Work to complete> Every line from the one with "2022 Chevrolet Suburban Premier Anchorage AK" to the end of the listing, and nothing else, is to be printed exactly; please leave the pictures out.

==== Records to use ====

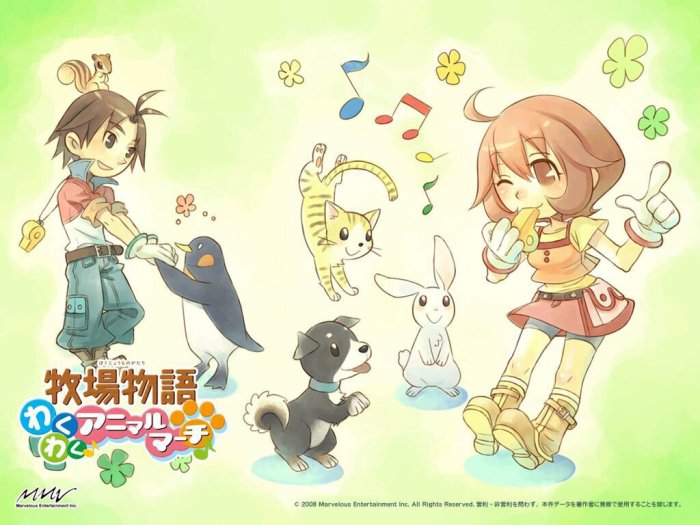 Cozy Video Games: A genre emphasizing stress-relief and comfort, including titles like Harvest Moon and Animal Crossing.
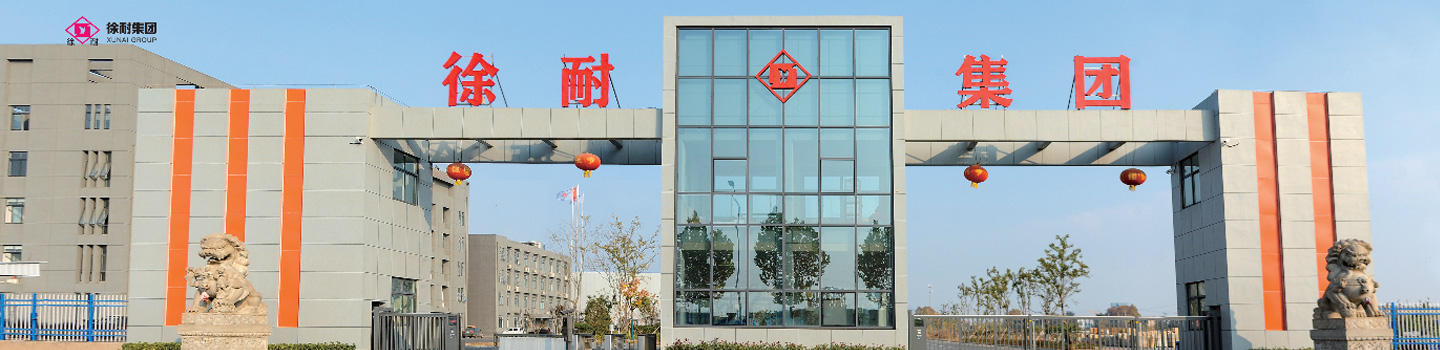 简介.jpg 简介.jpg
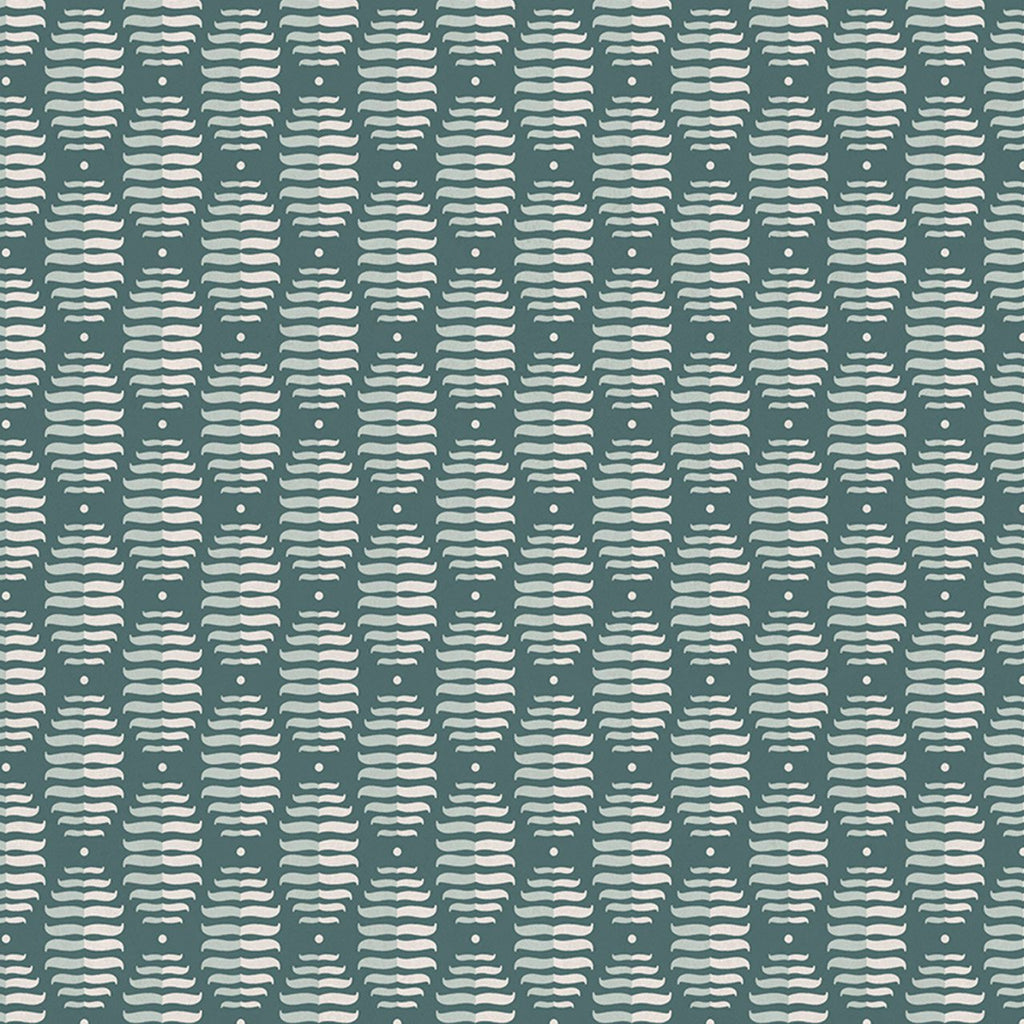 Pinyol Green, Roll Vinyl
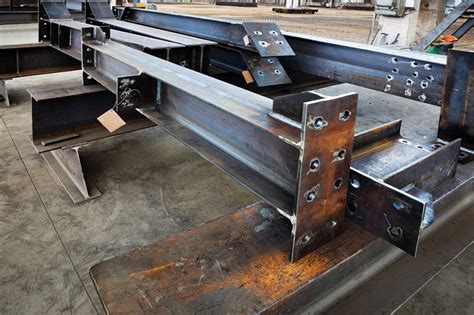 custom steel metal fabricators|custom all metal fabrication services.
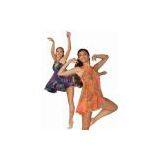 Contemporary/Lyrical Costumes thumbnail-1
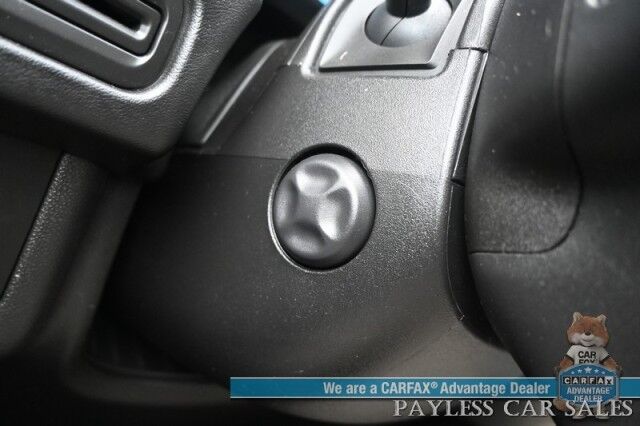 2022 Chevrolet Suburban Premier Anchorage AK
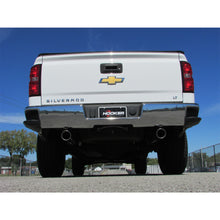 Load image into Gallery viewer, Blackheart-Cat-Back-Exhaust-System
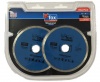 Fox Diamond Wheel Continuous 115mm Standard Photo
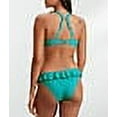 thumbnail image 3 of Freya Jewel Cove Underwire High Apex Bikini Top with J Hook AS7230, 3 of 6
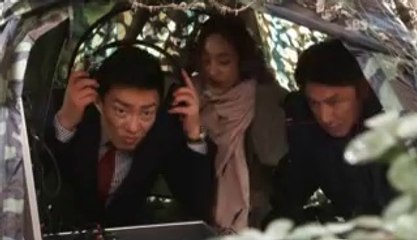 ∧천안오피방,공덕오피걸,강서오피∫≫아찔한 밤∫≫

====

Answer to this task>
 2022 Chevrolet Suburban Premier Anchorage AK
 Load image into Gallery viewer, Blackheart-Cat-Back-Exhaust-System
 Fox Diamond Wheel Continuous 115mm Standard Photo
 thumbnail image 3 of Freya Jewel Cove Underwire High Apex Bikini Top with J Hook AS7230, 3 of 6
 ∧천안오피방,공덕오피걸,강서오피∫≫아찔한 밤∫≫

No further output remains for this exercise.